- Opening Delimiter -

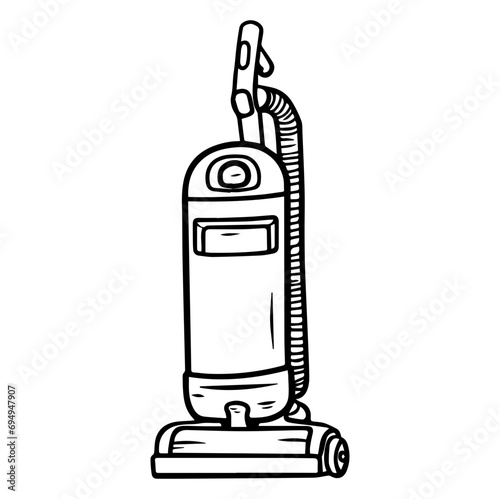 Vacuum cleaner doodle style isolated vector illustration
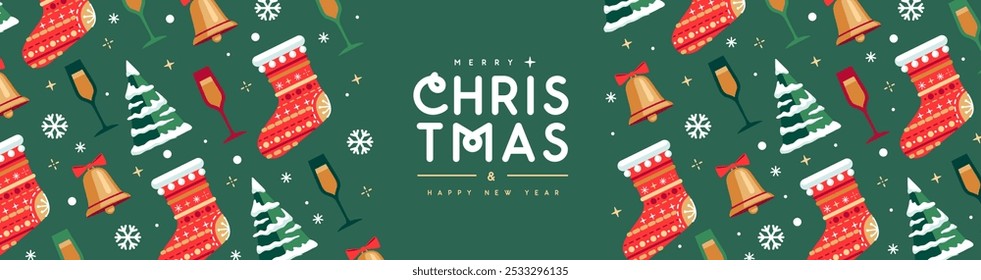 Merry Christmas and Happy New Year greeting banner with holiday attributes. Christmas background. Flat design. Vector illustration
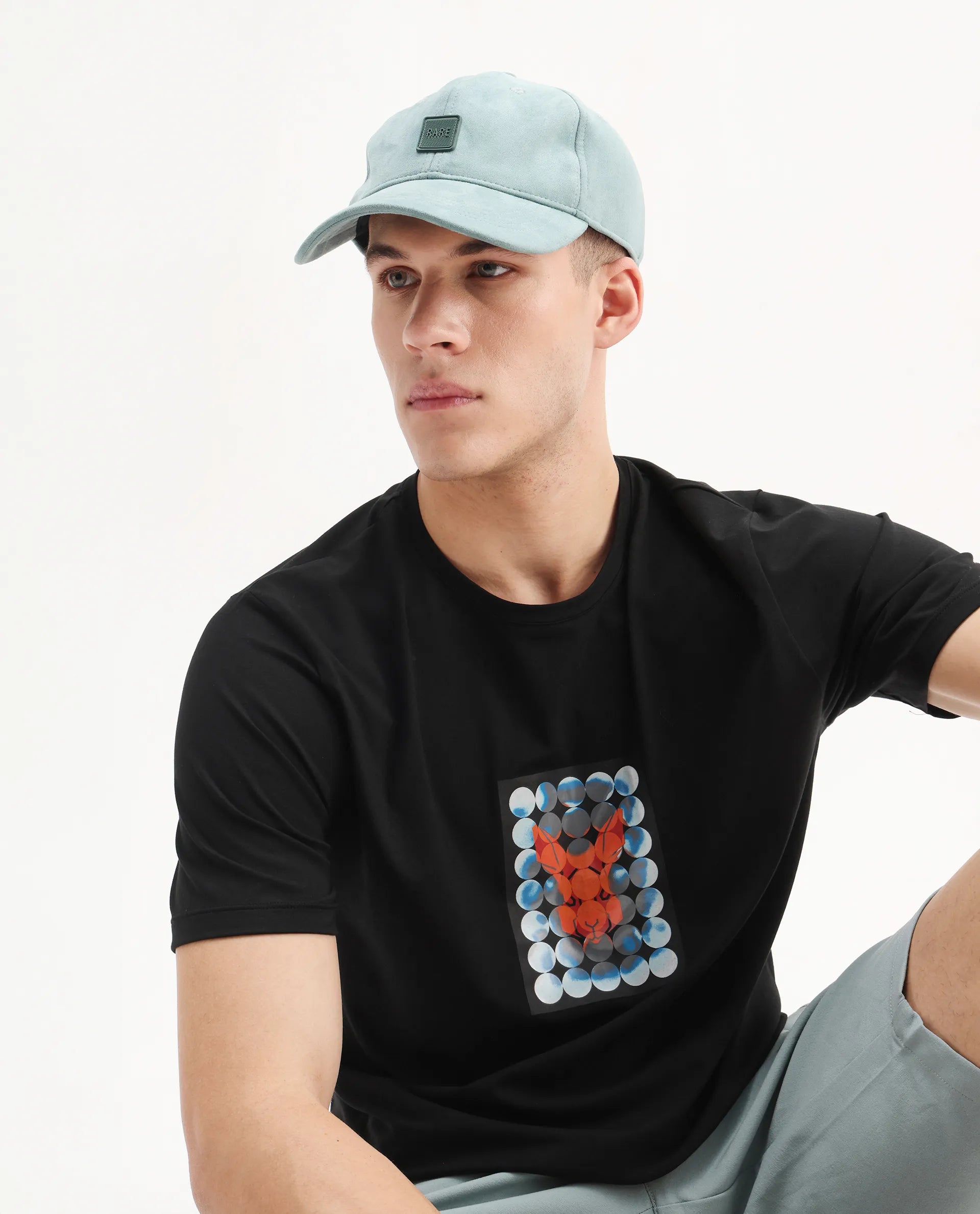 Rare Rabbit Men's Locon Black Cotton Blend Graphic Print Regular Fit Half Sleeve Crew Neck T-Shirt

- Closing Delimiter -
- Opening Delimiter -

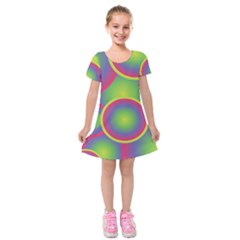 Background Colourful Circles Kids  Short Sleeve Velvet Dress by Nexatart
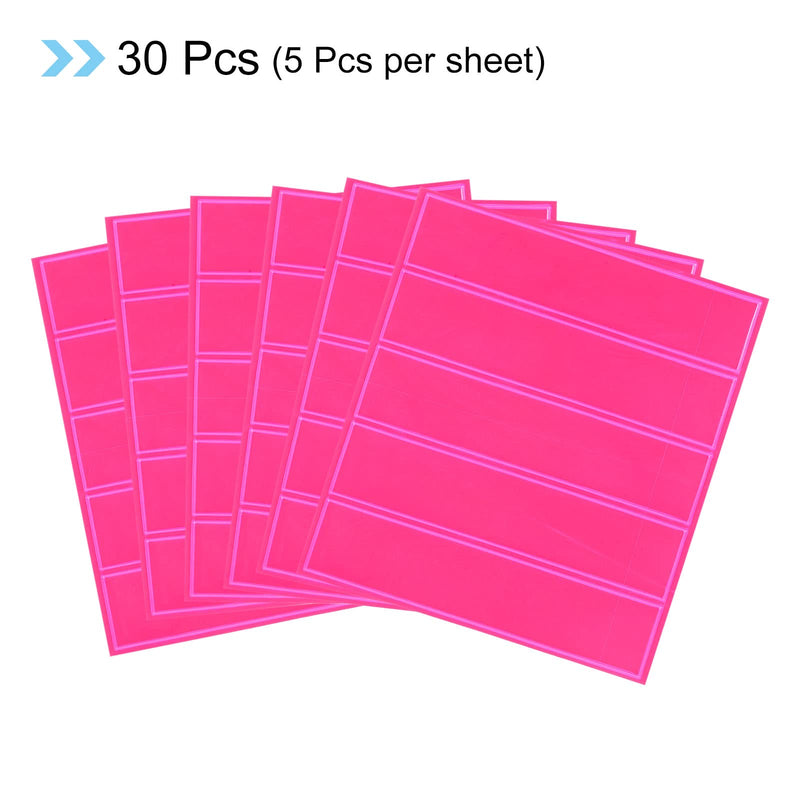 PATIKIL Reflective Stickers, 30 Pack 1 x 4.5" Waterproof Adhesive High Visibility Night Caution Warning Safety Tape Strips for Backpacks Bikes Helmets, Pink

- Closing Delimiter -
- Opening Delimiter -

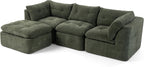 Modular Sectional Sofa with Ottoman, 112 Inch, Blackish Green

- Closing Delimiter -

● **What is being asked**: Excerpt from the records above: set down only the lines from the one that contains "Background Colourful Circles" through the one that contains "PATIKIL Reflective Stickers, 30", inclusive, word for word. Pictures stay out.

● **Output of the exercise**:
 Background Colourful Circles Kids  Short Sleeve Velvet Dress by Nexatart
 PATIKIL Reflective Stickers, 30 Pack 1 x 4.5" Waterproof Adhesive High Visibility Night Caution Warning Safety Tape Strips for Backpacks Bikes Helmets, Pink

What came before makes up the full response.